Although I have experience with R, I am new to HTML and CSS. I have been researching various web scraping methods both online and on Stack Overflow in order to implement them using R. However, I am encountering difficulties when it comes to extracting company ratings from job listing pages.
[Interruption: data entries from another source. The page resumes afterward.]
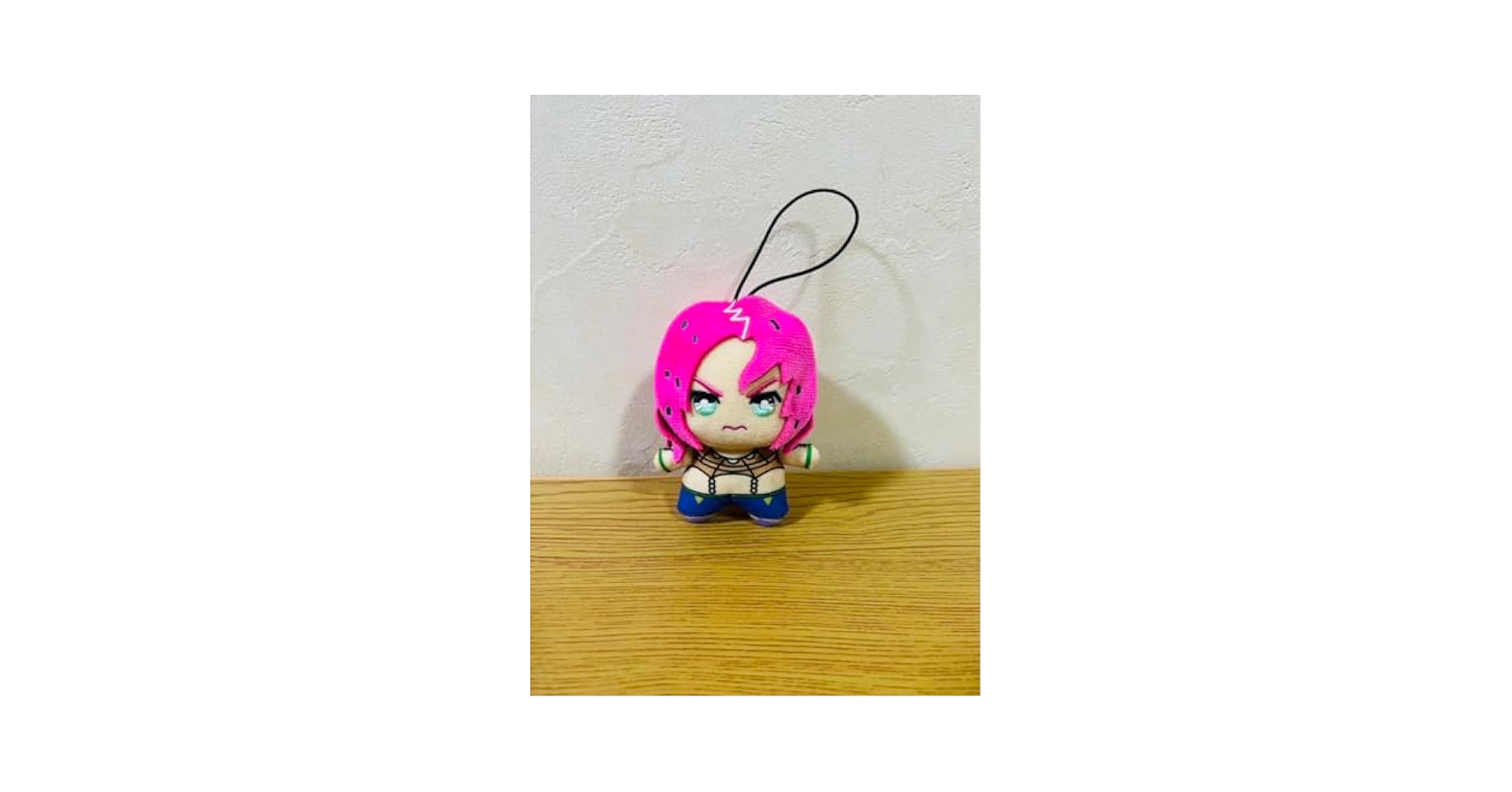 Amazon.co.jp: ジョジョの奇妙な冒険 黄金の風 ちみっともぬい
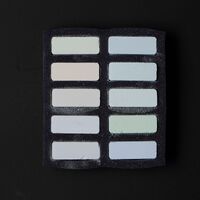 ART SPECTRUM SOFT SQUARE PASTELS PACK OF 6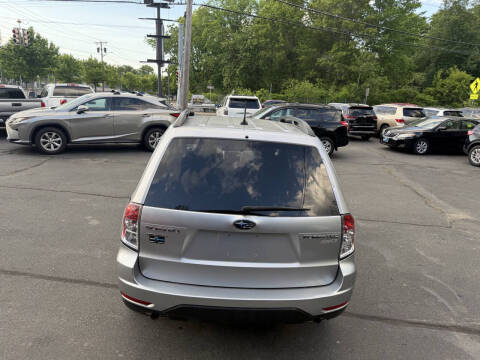 2012 Subaru Forester 2.5X Premium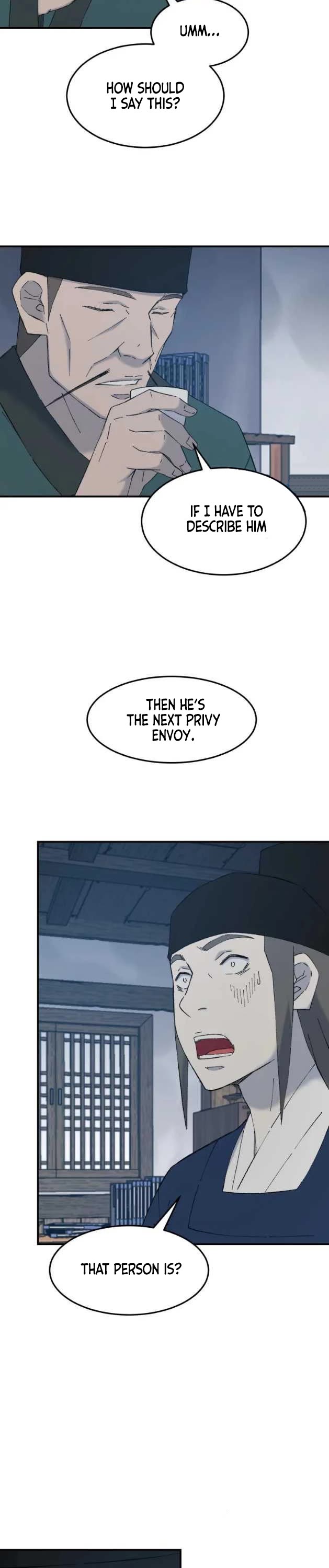 The Great Master Sunyoo Chapter 55 page 27 - Chapter 55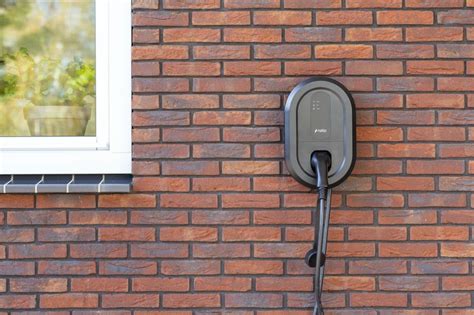 Ratio Solar Wallbox Veilig Laden Maak Optimaal Gebruik Van Uw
Instead of retrieving the expected rating of 4.0 from the example URL, I keep getting character(0)
.
Below is my approach:
library(rvest)
library(tidyverse)
library(xml2)
#example URL
url<- "https://www.indeed.com/viewjob?jk=a25a91736b1f7042&tk=1e3q54n49heai800&from=serp&vjs=3&advn=8876452989351355&adid=95236293&sjdu=TDSJNe66qIM3gcXFOG94m--bPylNW2vvO3WAHEKN7JhCAD1FQ-2FXD1gQyElsLNkg6gfXO2CD3rQYOYjO9iXITyFdYOp8tCECkHuDmf3Og8qdMmciGFIv2ahigETjLmuY8uXdLjnQTg4__yOXqHJkA"
page<- read_html(url)
page%>
rvest::html_nodes("span") %>%
rvest::html_nodes(xpath = '//*[contains(concat( " ", @class, " " ), concat( " ", "ratingsContent", " " ))]')%>%
rvest::html_text()
#Output is
#character(0)
#It should return 4.0 instead!
Can anyone provide guidance on how to achieve this, and also suggest a method for returning NA
if the company rating is missing? Thank you!